_Task_
Return only these lines: the one that contains "塞尔达传说王国之泪吉乌可乌每神庙怎么过 吉乌可乌每神庙图文解谜攻略" and every line after it through the end of the listing, exactly, without pictures.

*** Given material

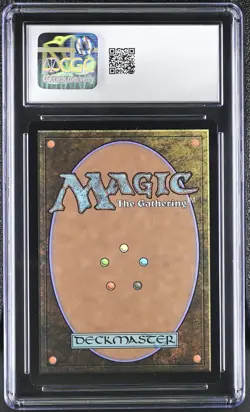 VOLO, GUIDE TO MONSTERS D&D Forgotten Realms Showcase Rare CGC 10 MTG EDH [Nos] - Image 2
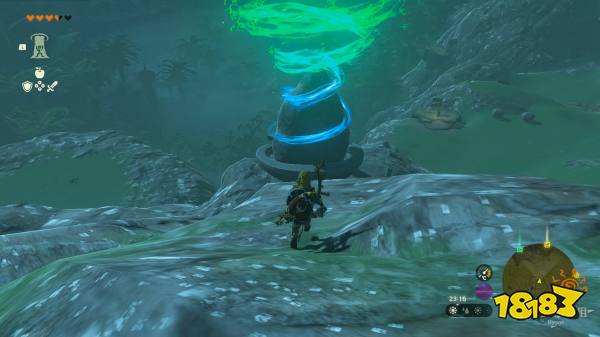 塞尔达传说王国之泪吉乌可乌每神庙怎么过 吉乌可乌每神庙图文解谜攻略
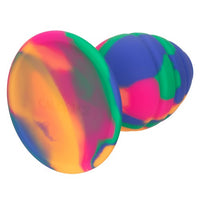 Cheeky Medium Swirl Tie-Dye Plug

******

_Problem solution_
 塞尔达传说王国之泪吉乌可乌每神庙怎么过 吉乌可乌每神庙图文解谜攻略
 Cheeky Medium Swirl Tie-Dye Plug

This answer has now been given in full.